Given how new Uint8Array(new ArrayBuffer(5)) behaves I'd expected pointed to, but I am more used to typed arrays than I am to buffers to be honest...
This was actually on my list of things to implement, but I wanted to keep the initial PR small.
Yeah definitely, can leave this for a minor version probably.
A pointer is fine with me.
If we say that an ArrayBuffer is treated as binary data then this is feasible. Typed Arrays can be a little tricky because of user's expectations (e.g. is the "length" to be written the byte length or the index length). But it can definitely be investigated.
+1 for even talking ArrayBuffer / node.JS Buffer..
The native Buffer API still hands back the void* that the ArrayBuffer points to.
A pointer is fine with me.
Let's say variable X = ArrayBuffer while the Y = Buffer (points to X's memory). As long as Y is alive, there is a need to keep X from GC.
A naive hope / question / discussion, (although it's a clear break in the API) why not just use ArrayBuffer and node.JS buffer as it's view (optional) ?
if you pass new Buffer(new ArrayBuffer(5)) would you expect the data to be copied or pointed to by the new buffer instance?
I would expect pointed to. All other argument types to the Buffer constructor get copied, but they're all array-like (have length property and are indexable). ArrayBuffer is not array-like, so it's not a huge deal if we add a special case here. It's more useful to have it share memory, I think.
This has been inactive for a while. I'm going to throw a help wanted label on it, but feel free to remove it if, you know, help isn't actually wanted. (Why do I type these things?)
This would be more easily done now that Buffer is a Uint8Array. In fact the native Buffer::HasInstance() only checks if the object is a Uint8Array instance. Change would be tedious and require a lot of documentation updates. Especially since it may be confusing out of context reading an API takes a Uint8Array, which Buffer is, but not know that you can actually pass a Buffer.
ArrayBuffer would require a bit more work, but also doable now.
It seems to me that the "right" way to fix this is to have everything internally operate on ArrayBuffers, then you have the equivalent of the following in all public binary-data accepting APIs:
function f(..., buffer) {
if (ArrayBuffer.isView(buffer)) {
buffer = buffer.buffer;
// this will detect Buffers, Uint8Arrays, DataViews, etc.
}
// now you can process the ArrayBuffer buffer, maybe
// after validating that it's a true ArrayBuffer.
}
This was actually on my list of things to implement,
@trevnorris Is it still on your list? If not, would you be willing to mentor someone else who wanted to do it? If so, we can add a mentor available label, I suppose.

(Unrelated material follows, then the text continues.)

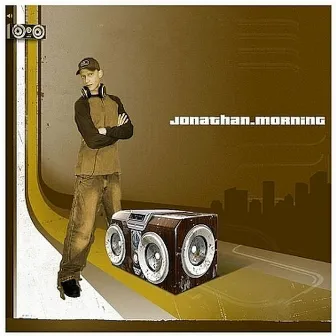 Jonathan Morning Box Set by Jonathan Morning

A small update after #12223:
ArrayBuffer (all TypedArray types and DataView) has been set up.ArrayBuffer yet.ArrayBuffer in addition to Buffer.Uint8Array in addition to Buffer, but not Uint16Array, DataView, etc., thanks to work done by @addaleax.Example of converting a Buffer-only function to one that also supports Uint8Array: https://github.com/nodejs/node/commit/627ecee9edd9df247e7541ee8084d925f85ede7f
Example of converting a function that supports Uint8Array to one that supports all other ArrayBufferViews: https://github.com/nodejs/node/commit/2ced07ccaf7682b9ec8fb3bcc3dc8d2bb2798c61
@Trott Regardless of @trevnorris's status, I would be available for mentoring this, both now and during the upcoming Code & Learn. If someone drafts a list of modules to convert, as far as I'm concerned even good-first-contribution can be applied to this issue.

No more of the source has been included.